Stratigraphic sections
Both in the Cerro de la Atalaya and in the Cerro Hernando–Cerro Fontanar areas, Serravallian successions show similar stratigraphic patterns, consisting of marls at the base that change upwards to limestones and, finally, to silts and marls (Figure 2A). In the Serrezuela de Jódar area, Serravallian sediments unconformably overlie Cretaceous limestones (Figure 2B).
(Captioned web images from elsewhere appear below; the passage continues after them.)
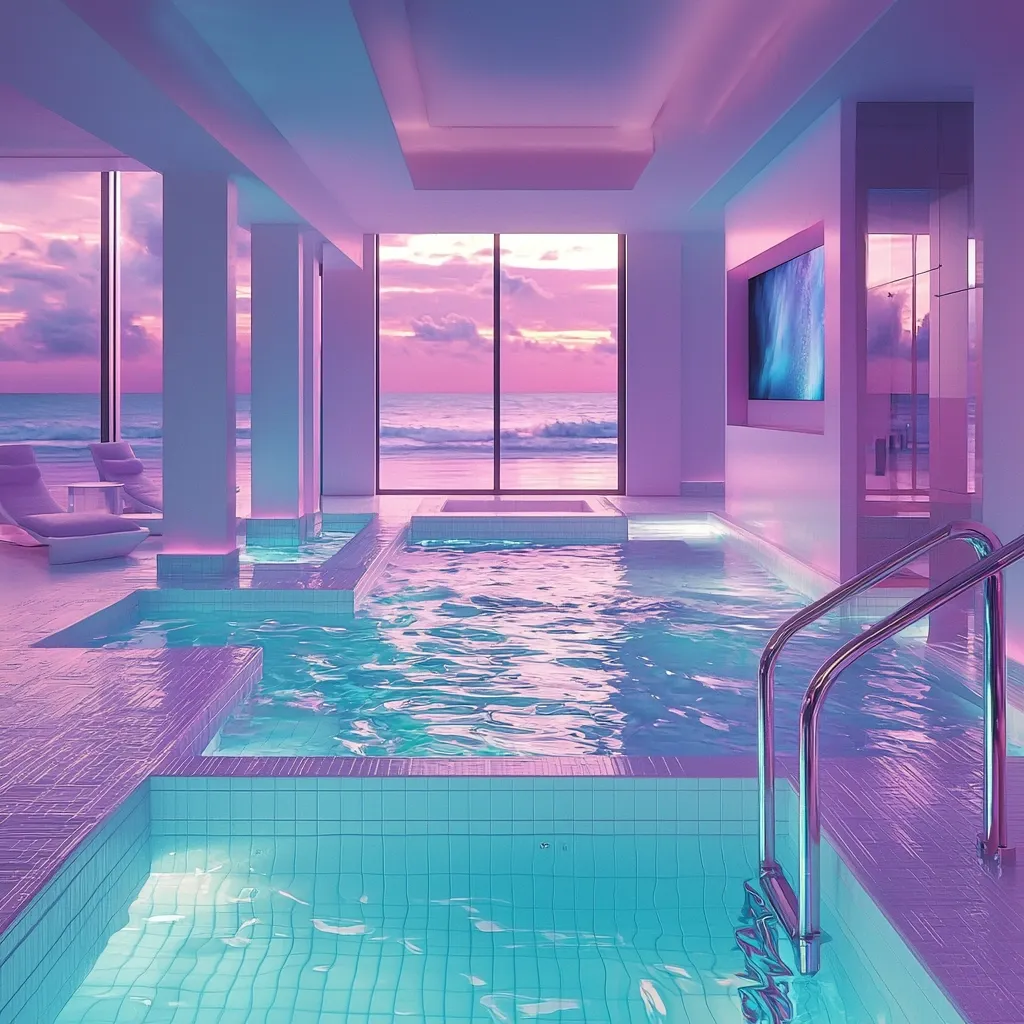 A luxurious indoor pool and spa area bathed in soft purple and teal lighting.  Large windows offer a stunning ocean sunset view. The pool features multiple levels and integrated hot tubs.  Modern, minimalist design with sleek lines and chrome accents creates a serene and opulent atmosphere.  A large flat-screen TV is visible on one wall.  Lounge chairs are positioned near the pool for relaxation.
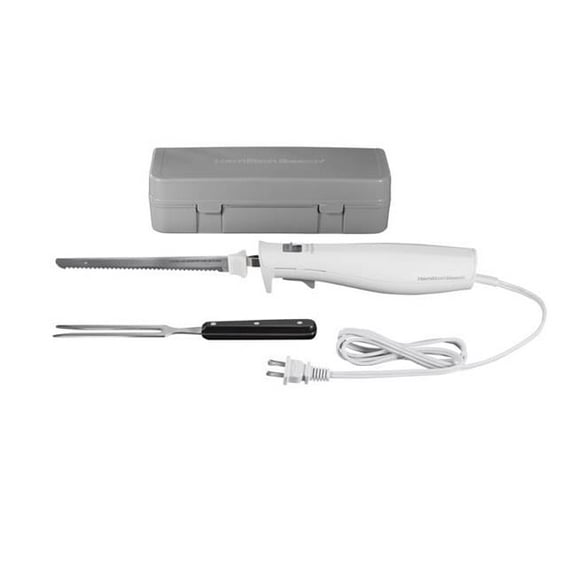 8 in. Stainless Steel Electric Knife, White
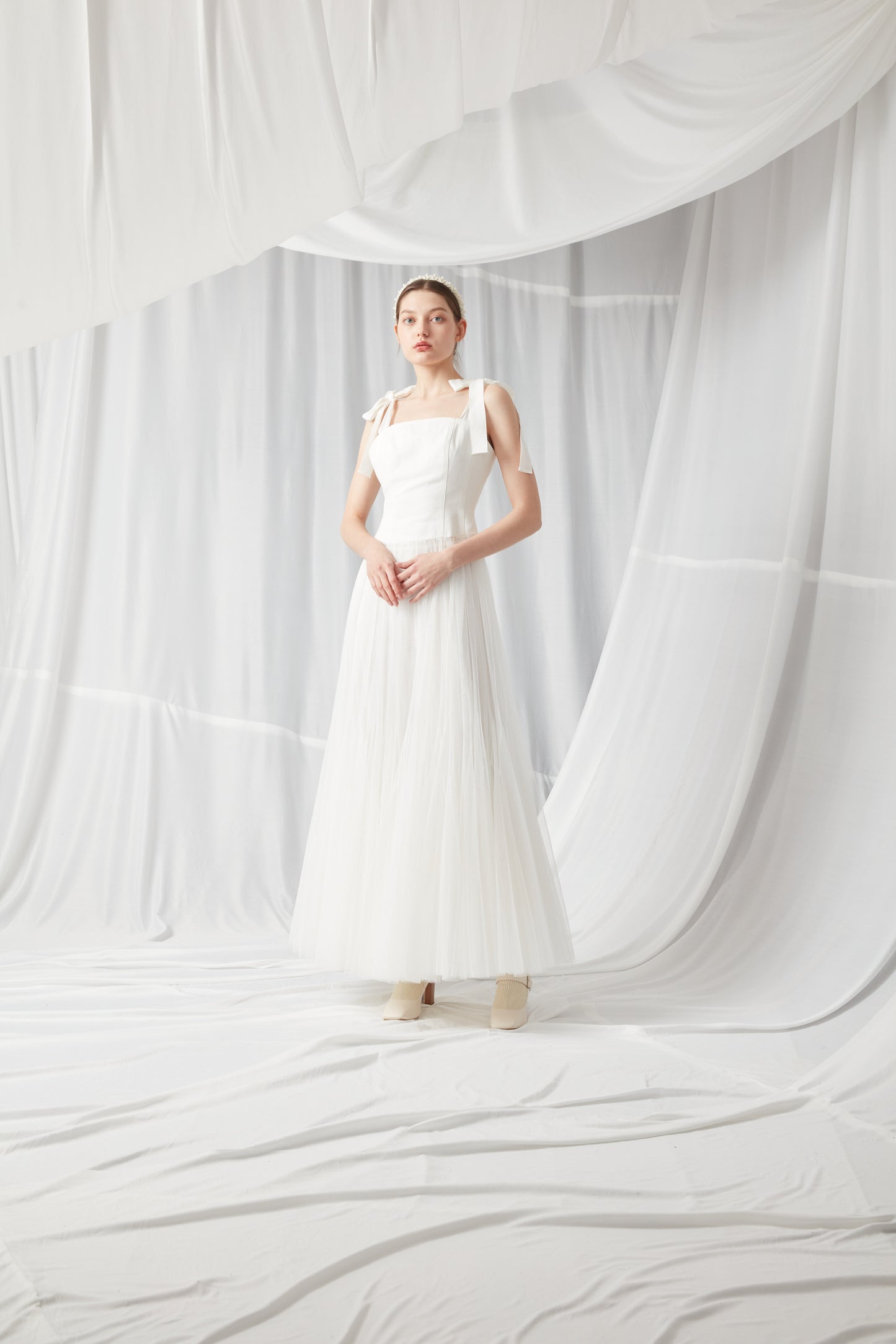Elegant Lace Evening Dress - WHITE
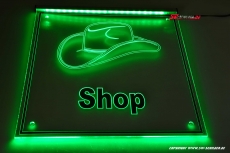 LED company sign cap - shop engraved with indirect lighting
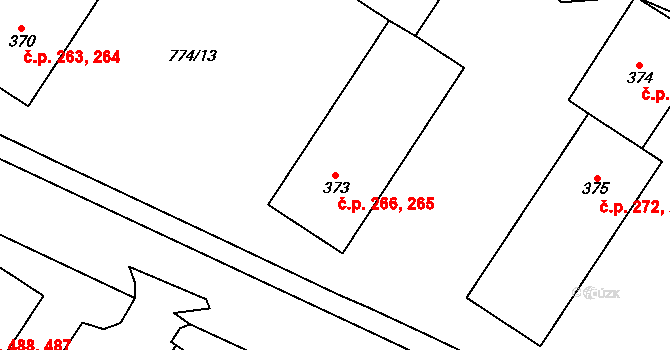 Rokytnice v Orlických horách 265,266 na parcele st. 373 v KÚ Rokytnice v Orlických horách, Katastrální mapa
FIGURE 2. (A) panoramic view of the stratigraphic section corresponding to the CH-2 section: Cerro Hernando–Cerro Fontanar area. Note the whitish marls in the lower part of the section and the carbonates on top of the marls. (B) panoramic view of the Serravallian carbonates unconformably overlying Cretaceous limestones in the Serrezuela de Jódar area.
Cerro de la Atalaya
The Serravallian deposits in Cerro de la Atalaya form a northward-verging anticline north of Sierra del Aznaitín, which is made up of Cretaceous limestones of the Prebetic Zones (García-Tortosa et al., 2008; Sanz de Galdeano et al., 2013) (Figure 1B). The lower part of the sections consists of marls rich in planktonic foraminifers. In the transition to the carbonate above, thin planktonic foraminifera-rich packstone beds intercalate with the marls (Figure 3). They change upwards to channeled fine- to coarse-grained packstones, rarely rudstones (Figure 3). The beds are decimeters up to a meter in thickness. The major components are benthic foraminifera (LBF and small forms), bryozoans, coralline algae, echinoderms, and bivalves, with varying proportions of planktonic foraminifera. Siliciclastic content, consisting of fine angular quartz grains, ranges from 10 to 50%. Above the channeled deposits, the coralline algal content substantially increases. In a lower interval, they occur in rudstone beds, 20–50-cm thick, as branch fragments and small rhodoliths (1–2 cm in diameter). This facies changes upwards to densely packed rhodolith beds (rudstones with rhodoliths embedded in a packstone matrix), up to 2-m thick (Figure 4A). The algal nodules reach up to 17 cm in the longest diameter (Figures 4B and C). The matrix includes LBF, bryozoans, echinoderms, bivalves, Ditrupa worm tubes and other encrusting serpulids, and scarce barnacles. On occasions, planktonic foraminifera are significant. Above the rhodolith beds, the Serravallian sections end with marls rich in planktonic foraminifers (Figure 3).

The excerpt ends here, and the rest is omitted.